Tuesday at around 11:00 we got a call from Tyler’s daycare, telling us that he was running in the playground and had fallen on his right arm, on the grass. Tyler wanted ice and the staff was moving his arm and he seemed to be okay. No more calls so I stopped worrying.
When Grant brought Tyler home he told me that Tyler was complaining about his right arm. He was holding it funny, not using it and not letting us even near him. Grant said that when he picked him up he was fine so he thought that Tyler was laying it on a little thick.
I remembered back to the time when I was seven years old and had broken my arm. I did everything I could to tell my parents that I was “fine” and that it didn’t hurt any more. I was scared to death of going to a hospital! I kept saying to Grant that Tyler wasn’t faking. He stupidly threw a stuffed animal at Tyler to see if he would catch it and instead it just hit him! Idiot! That’s Grant I’m talking about.
I called the pediatrician and he thought we should go to the E.R. to have it x-rayed. We packed up Tyler’s beloved Eeyore, snacks, and books and headed out.

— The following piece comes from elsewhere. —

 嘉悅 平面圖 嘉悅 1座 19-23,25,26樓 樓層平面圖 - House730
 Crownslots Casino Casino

There is only one hospital in our area that takes Tyler’s Family Care (poor people) insurance, and it is supposed to have a good reputation.
Tyler was doing pretty well, he told the admitting nurse that they had been running a race but that “wasn’t such a good idea”, that he was a “special boy” and that he was “very funny”. We told the nurse that Tyler has Tourette’s Syndrome, OCD and Anxiety but was otherwise healthy. She examined Tyler’s arm and said the doctor would want to pinpoint the exact pain so they would have to not have to give him excess radiation. Hmm, I must be a walking x-ray by now.

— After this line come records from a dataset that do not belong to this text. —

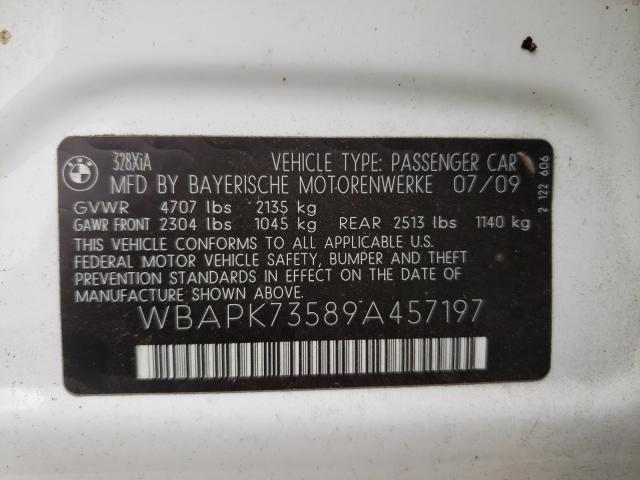 Photo 10 from auction – 2009 BMW 328 XI with VIN WBAPK73589A457197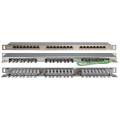 Патч-панель 0,5U, 19'', 24хRJ45, FTP, кат.6, Dual IDC, Hyperline PPHD-19-24-8P8C-C6-SH-110D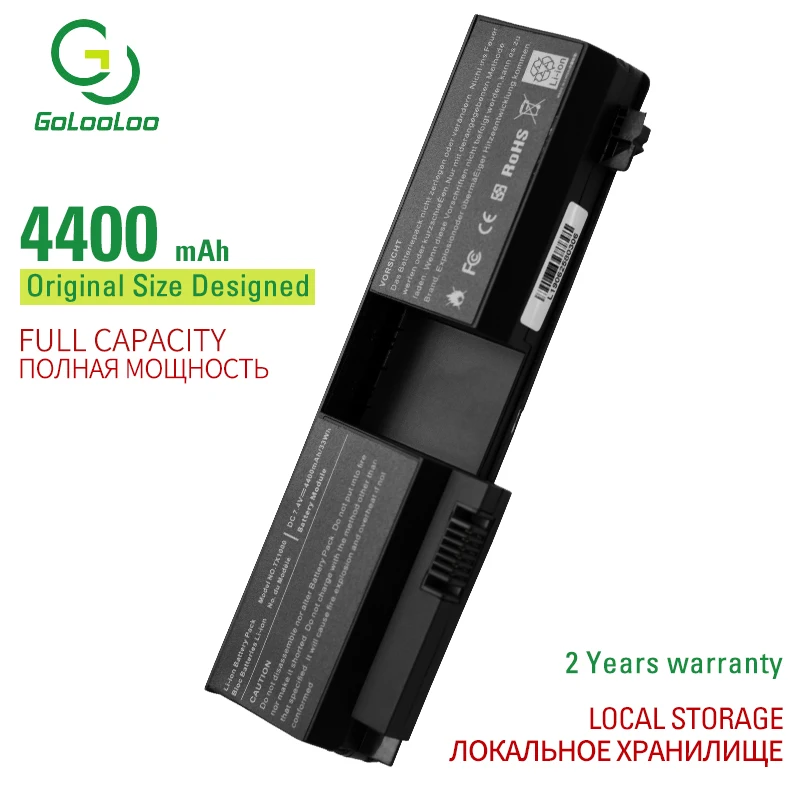 

Аккумулятор Golooloo для ноутбука HP Pavilion tx1000 tx1100 tx1200 tx1300 tx2000 tx2100 tx2500 tx2600 441131-001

He got a bed pretty quickly. The first thing that happened was a doctor came over to us and said, “Okay, let’s see, now your name is Rupert, you are six-years-old and you have something wrong with your stomach?” Wrong kid! The doctor exited gracefully. Maybe we should have left then?

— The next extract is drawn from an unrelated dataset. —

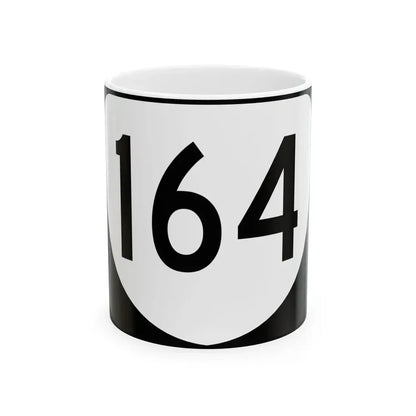 Virginia 164 (Virginia) (Road Sign) White Coffee Mug 11oz - Go Mug Yourself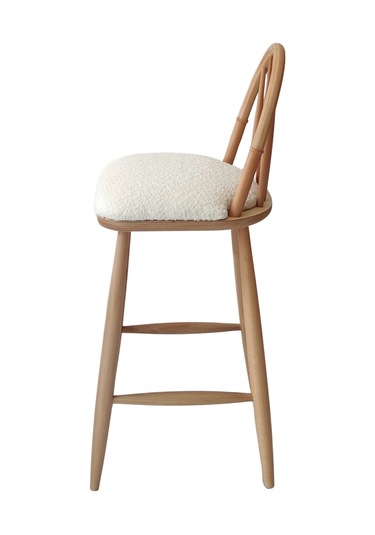 Rustica İskandinav Bar Sandalyesi Natural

The nurse gave Tyler some ibupropen which mostly came out of Tyler’s mouth and dribbled down his hospital gown and the bed. After a while it was time to go to x-ray. Now, I clearly had my cane, but the stupid nursing assistant, this beautiful, blonde, Nordic ice princess says, “Now Mama, you carry him to x-ray.” I looked at Grant, “I can’t carry him!”, so Grant did.
Your would have thought we were taking Tyler to the electric chair, he screamed and wiggled so much, plus his arm was hurting. Grants pants, perfect timing, started to fall down and some stranger says, “I got it buddy, I got it” and pulls his pants up for him. We decided Tyler should walk.
So he’s walking, doing okay and he trips over…air…and falls, ON HIS ARM. Tyler and I simultaneously start screaming and crying. An orthopedic doctor saw the fall and said, “This child doesn’t go anywhere any more without a stretcher or wheelchair!” The dumb-ass nurse’s aid says, “It wasn’t MY fault!” I wanted to smack her. Tyler is almost in shock. “I-I c-c-can’t s-stop crying”, he kept saying.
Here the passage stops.